This document explores implementation approaches for perl -d style debugging in PerlOnJava, supporting traditional Perl debugger semantics including breakpoints, single-stepping, variable inspection, and the standard perl5db.pl debugger.

Perl Debugger Architecture (from perldebguts)

When Perl is invoked with -d, the interpreter enables special debugging hooks:

Core Hooks Enabled by -d (via $^P bits)

  1. $ENV{PERL5DB} injection - Before the first line, Perl inserts:

    BEGIN { require 'perl5db.pl' }
  2. Source line storage - @{"_<$filename"} holds source lines; values are magical (non-zero = breakable)

  3. Breakpoint hash - %{"_<$filename"} stores breakpoints/actions keyed by line number

  4. Subroutine tracking - %DB::sub maps subname → "filename:startline-endline"

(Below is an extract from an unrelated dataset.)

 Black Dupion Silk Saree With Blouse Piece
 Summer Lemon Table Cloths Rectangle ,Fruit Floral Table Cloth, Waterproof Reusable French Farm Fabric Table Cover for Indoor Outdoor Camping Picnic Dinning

  5. DB::DB() hook - Called before each executable statement when $DB::trace, $DB::single, or $DB::signal is true

  6. DB::sub() hook - All subroutine calls are routed through &DB::sub with $DB::sub identifying the target

  7. @DB::args - When caller() is called from package DB, args are copied here

Key Variables ($^P bits)

Bit Value Meaning
0x01 1 Debug subroutine enter/exit
0x02 2 Line-by-line debugging (call DB::DB)
0x04 4 Switch off optimizations
0x08 8 Preserve data for inspection
0x10 16 Keep sub definition line info
0x20 32 Start with single-step on
0x80 128 Report goto &sub
0x100 256 Informative eval "file" names
0x200 512 Informative anonymous sub names
0x400 1024 Save source lines

Primary Implementation: DEBUG Opcode Approach (Recommended)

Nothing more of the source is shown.